I'm currently reading on integers, specifically for unique factorization for my abstract algebra course and I'm already stuck.

The text reads:

Write d|m if d divides m. It is easy to prove, from the definition, that if d|x and d|y then d|(ax + by) for any integers x, y, a, b.

It's not immediately obvious to me why you wouldn't just write d|(x+y) or d|(ax+ay) instead of d|(ax+by). My initial thought was to show that d|(ax+by) won't be a fraction, but I can't think of an example that would make d|(x+y) be a fraction.

Thank you for helping!

Answer 1

Writing $d|(ax+by)$ is more general. It allows you to pick any $a,b$ you want and apply the theorem. If we just wrote $d|(x+y)$ we wouldn't know we could multiply each of the terms by any integer we want and still have the divisibility. You could prove a second theorem that $d|x \implies d|(ax)$ and then use the two together plus the commutativity of addition to get what you want, but it is more work. It is better to make the theorem more general and save the work later.

Answer 2

They will soon invent in the text book the notion of an "ideal", in our case $(d)$ (in standard notation), the set of all elements divisible by $d$, is such an ideal. An "ideal" $I$ of some commutative ring $R$ can be defined in the following two obviously equivalent ways:

• $I$ is an ideal of $R$, iff it is closed w.r.t. sum of its elements, and w.r.t multiplication with arbitrary elements of $R$. Using letters, for all $x,y\in I$, all $a$ in $R$ the elements $x+y$ and $ax$ are in $I$.

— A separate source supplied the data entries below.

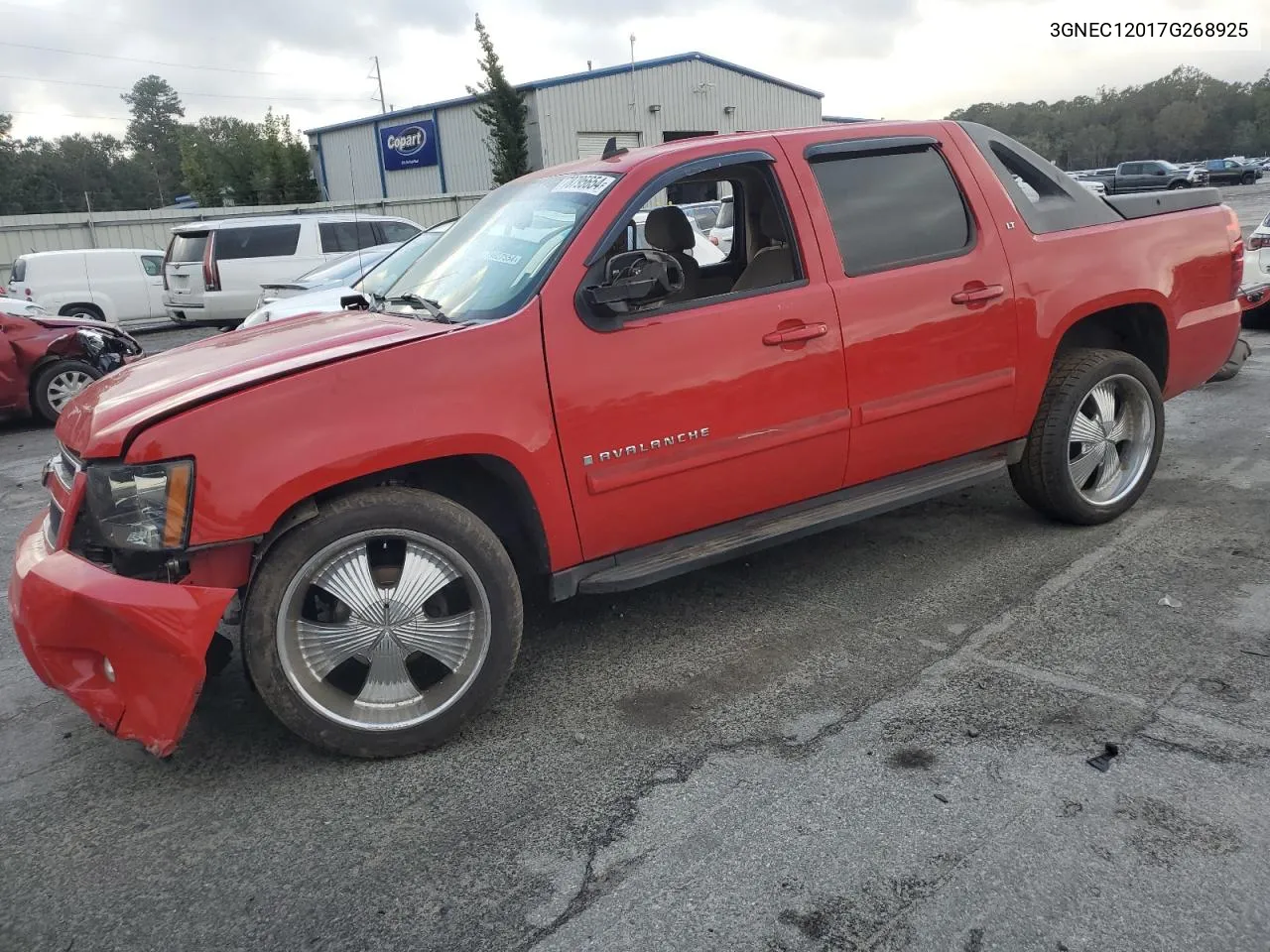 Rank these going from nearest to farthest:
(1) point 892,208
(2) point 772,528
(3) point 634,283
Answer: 1. (3) point 634,283
2. (2) point 772,528
3. (1) point 892,208

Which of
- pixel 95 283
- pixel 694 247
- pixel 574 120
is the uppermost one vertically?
pixel 574 120

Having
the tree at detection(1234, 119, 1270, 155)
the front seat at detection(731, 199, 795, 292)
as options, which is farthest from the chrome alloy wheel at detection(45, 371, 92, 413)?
the tree at detection(1234, 119, 1270, 155)

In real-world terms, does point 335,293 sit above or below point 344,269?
below

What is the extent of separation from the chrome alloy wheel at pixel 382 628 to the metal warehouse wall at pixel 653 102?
103 ft

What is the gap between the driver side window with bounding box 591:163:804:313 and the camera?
12.7ft

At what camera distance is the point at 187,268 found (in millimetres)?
15664

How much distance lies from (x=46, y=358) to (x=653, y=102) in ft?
94.0

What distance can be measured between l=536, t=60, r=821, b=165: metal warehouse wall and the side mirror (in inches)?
1211

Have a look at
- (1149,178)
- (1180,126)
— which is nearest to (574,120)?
(1149,178)

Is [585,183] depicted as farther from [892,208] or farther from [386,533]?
[386,533]

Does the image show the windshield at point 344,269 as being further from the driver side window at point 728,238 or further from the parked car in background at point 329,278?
the driver side window at point 728,238

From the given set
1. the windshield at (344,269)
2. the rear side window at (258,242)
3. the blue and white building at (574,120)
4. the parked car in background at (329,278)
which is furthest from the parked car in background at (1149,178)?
the parked car in background at (329,278)

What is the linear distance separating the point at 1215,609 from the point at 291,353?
3.55 meters

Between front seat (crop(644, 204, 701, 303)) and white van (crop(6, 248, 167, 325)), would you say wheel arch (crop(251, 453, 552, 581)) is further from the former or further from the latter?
white van (crop(6, 248, 167, 325)) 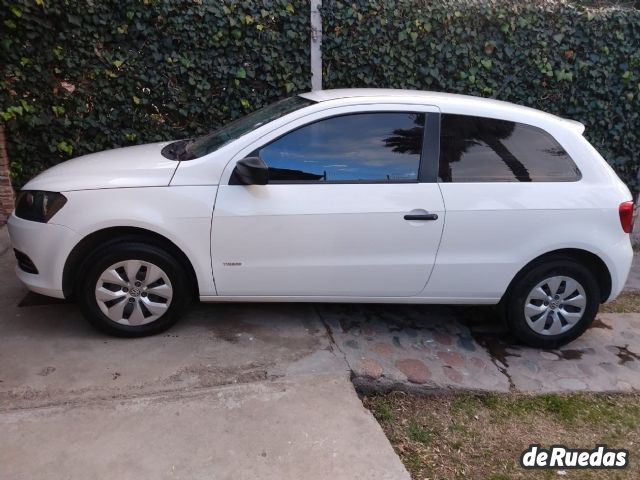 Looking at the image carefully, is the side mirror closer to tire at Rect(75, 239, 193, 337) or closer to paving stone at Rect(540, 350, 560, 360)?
tire at Rect(75, 239, 193, 337)

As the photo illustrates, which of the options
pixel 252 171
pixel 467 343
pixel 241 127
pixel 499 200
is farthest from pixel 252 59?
pixel 467 343

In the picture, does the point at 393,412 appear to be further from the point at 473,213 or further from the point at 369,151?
the point at 369,151

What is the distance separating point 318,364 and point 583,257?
2.06m

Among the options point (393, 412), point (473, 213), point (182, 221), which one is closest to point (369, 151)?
point (473, 213)

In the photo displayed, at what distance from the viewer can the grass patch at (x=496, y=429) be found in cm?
301

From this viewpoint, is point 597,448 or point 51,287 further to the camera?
point 51,287

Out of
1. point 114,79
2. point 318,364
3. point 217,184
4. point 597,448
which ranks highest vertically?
point 114,79

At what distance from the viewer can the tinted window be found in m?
3.82

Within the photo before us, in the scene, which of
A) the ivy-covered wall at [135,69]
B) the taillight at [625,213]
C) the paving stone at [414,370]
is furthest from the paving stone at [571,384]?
the ivy-covered wall at [135,69]

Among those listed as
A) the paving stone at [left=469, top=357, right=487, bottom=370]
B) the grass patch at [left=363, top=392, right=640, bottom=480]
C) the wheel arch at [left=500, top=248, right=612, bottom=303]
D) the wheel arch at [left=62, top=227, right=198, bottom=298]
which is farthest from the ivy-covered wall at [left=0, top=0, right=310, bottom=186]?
the grass patch at [left=363, top=392, right=640, bottom=480]

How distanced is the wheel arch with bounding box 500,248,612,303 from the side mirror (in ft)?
6.30

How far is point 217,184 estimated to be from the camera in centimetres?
363

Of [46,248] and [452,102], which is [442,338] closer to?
[452,102]

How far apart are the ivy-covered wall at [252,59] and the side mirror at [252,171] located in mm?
2667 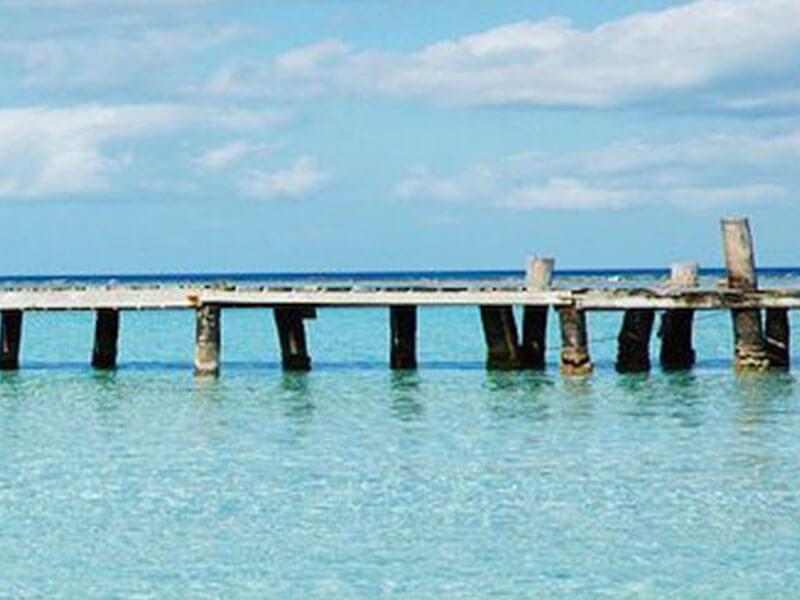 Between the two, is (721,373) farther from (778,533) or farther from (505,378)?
(778,533)

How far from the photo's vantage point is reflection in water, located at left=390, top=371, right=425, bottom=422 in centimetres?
3753

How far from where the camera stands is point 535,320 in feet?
153

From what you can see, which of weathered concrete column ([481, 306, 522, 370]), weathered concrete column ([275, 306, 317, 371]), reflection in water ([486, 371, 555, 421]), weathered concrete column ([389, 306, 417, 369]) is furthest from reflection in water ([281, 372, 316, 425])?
weathered concrete column ([481, 306, 522, 370])

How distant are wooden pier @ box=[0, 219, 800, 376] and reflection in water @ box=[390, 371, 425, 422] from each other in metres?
1.22

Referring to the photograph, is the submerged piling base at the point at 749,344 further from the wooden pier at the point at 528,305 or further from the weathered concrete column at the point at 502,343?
the weathered concrete column at the point at 502,343

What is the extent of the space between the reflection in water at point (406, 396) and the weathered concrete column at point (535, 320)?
2272mm

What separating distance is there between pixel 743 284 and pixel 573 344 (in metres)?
3.32

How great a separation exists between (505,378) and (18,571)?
77.1ft

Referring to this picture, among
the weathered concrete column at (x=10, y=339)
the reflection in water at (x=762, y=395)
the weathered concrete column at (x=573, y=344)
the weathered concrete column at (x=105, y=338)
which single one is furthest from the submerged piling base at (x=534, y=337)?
the weathered concrete column at (x=10, y=339)

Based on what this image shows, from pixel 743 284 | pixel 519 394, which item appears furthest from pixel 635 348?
pixel 519 394

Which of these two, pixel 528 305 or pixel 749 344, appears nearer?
pixel 749 344

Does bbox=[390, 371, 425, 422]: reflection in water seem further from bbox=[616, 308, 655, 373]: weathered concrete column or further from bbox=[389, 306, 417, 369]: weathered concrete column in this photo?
bbox=[616, 308, 655, 373]: weathered concrete column

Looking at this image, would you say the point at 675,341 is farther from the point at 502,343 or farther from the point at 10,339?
the point at 10,339

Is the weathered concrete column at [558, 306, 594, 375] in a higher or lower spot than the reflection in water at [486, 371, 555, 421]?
higher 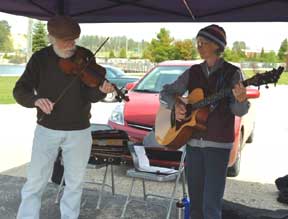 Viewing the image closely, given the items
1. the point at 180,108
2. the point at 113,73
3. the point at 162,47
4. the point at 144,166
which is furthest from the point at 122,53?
the point at 180,108

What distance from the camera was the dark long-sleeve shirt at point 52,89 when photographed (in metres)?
3.38

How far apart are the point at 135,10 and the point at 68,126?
2132 millimetres

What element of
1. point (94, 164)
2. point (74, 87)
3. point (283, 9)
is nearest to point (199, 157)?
point (74, 87)

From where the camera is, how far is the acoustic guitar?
114 inches

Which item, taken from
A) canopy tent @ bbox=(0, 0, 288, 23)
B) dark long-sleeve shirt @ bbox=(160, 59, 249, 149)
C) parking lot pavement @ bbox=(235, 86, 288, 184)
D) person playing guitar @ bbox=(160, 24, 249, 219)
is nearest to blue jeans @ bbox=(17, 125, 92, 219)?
dark long-sleeve shirt @ bbox=(160, 59, 249, 149)

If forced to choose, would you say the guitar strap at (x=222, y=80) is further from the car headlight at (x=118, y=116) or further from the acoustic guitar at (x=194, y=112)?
the car headlight at (x=118, y=116)

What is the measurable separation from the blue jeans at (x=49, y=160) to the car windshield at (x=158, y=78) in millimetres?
3309

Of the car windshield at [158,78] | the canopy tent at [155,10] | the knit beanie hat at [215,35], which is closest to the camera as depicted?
the knit beanie hat at [215,35]

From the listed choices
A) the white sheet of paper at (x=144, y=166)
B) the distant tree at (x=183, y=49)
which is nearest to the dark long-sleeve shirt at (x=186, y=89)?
the white sheet of paper at (x=144, y=166)

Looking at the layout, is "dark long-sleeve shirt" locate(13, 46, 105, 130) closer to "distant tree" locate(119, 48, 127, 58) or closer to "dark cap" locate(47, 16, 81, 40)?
"dark cap" locate(47, 16, 81, 40)

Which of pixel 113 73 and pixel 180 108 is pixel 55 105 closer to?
pixel 180 108

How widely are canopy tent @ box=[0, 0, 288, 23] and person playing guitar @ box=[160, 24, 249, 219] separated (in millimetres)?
1591

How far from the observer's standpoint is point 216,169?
3.02 meters

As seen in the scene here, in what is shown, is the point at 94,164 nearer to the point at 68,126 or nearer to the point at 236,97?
the point at 68,126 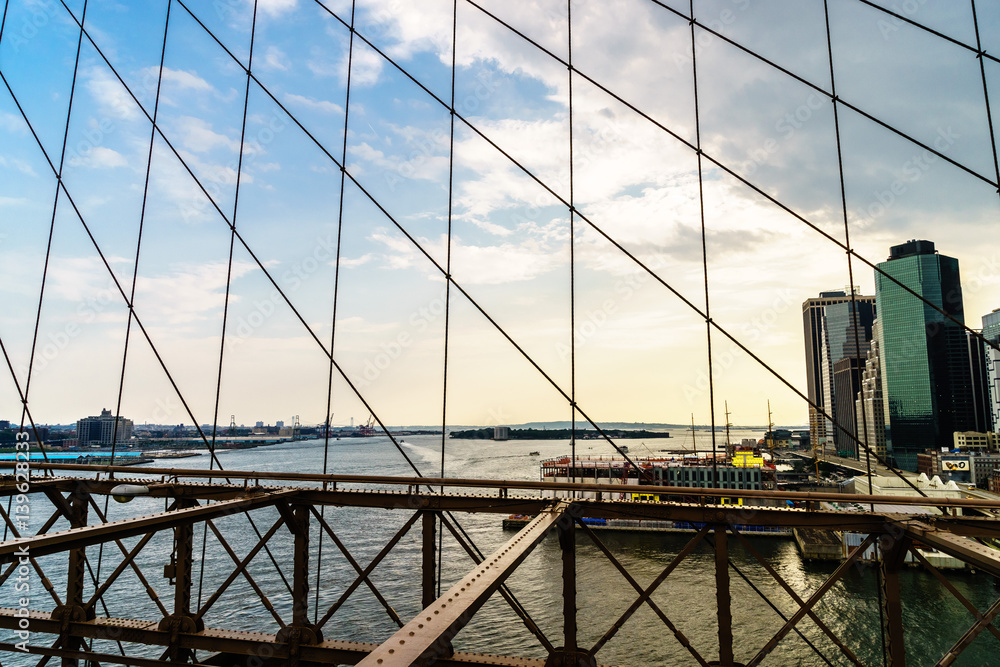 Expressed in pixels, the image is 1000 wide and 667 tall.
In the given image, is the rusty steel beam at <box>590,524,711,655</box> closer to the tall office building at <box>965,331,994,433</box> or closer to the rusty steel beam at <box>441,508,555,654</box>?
the rusty steel beam at <box>441,508,555,654</box>

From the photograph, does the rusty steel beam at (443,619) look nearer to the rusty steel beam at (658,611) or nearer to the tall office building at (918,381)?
the rusty steel beam at (658,611)

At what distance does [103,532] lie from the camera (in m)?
5.39

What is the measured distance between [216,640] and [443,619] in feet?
19.9

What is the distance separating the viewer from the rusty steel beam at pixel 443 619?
8.92ft

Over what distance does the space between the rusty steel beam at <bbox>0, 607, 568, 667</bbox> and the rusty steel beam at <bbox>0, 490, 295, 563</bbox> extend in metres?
1.63

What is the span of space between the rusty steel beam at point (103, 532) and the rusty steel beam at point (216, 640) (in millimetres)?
Answer: 1635

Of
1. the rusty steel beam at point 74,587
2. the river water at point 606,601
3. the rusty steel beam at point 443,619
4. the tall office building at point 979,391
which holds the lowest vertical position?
the river water at point 606,601

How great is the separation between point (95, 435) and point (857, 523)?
269 feet

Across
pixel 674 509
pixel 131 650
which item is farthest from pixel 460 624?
pixel 131 650

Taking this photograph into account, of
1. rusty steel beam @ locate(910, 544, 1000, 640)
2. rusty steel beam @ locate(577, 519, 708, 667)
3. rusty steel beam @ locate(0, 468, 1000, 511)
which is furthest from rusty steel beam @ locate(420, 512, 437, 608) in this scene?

• $I$ is an ideal of $R$, iff for all $x,y\in I$, all $a,b$ in $R$ the element $ax+by$ is in $I$.

It is just matter of taste which of the relations should be extracted and considered as definition. Usually, when we show that some $I$ is an ideal, we use the first definition, which wants "less". When we use the property of being an ideal, we use often the second definition, thus possibly having the economy of only one sentence.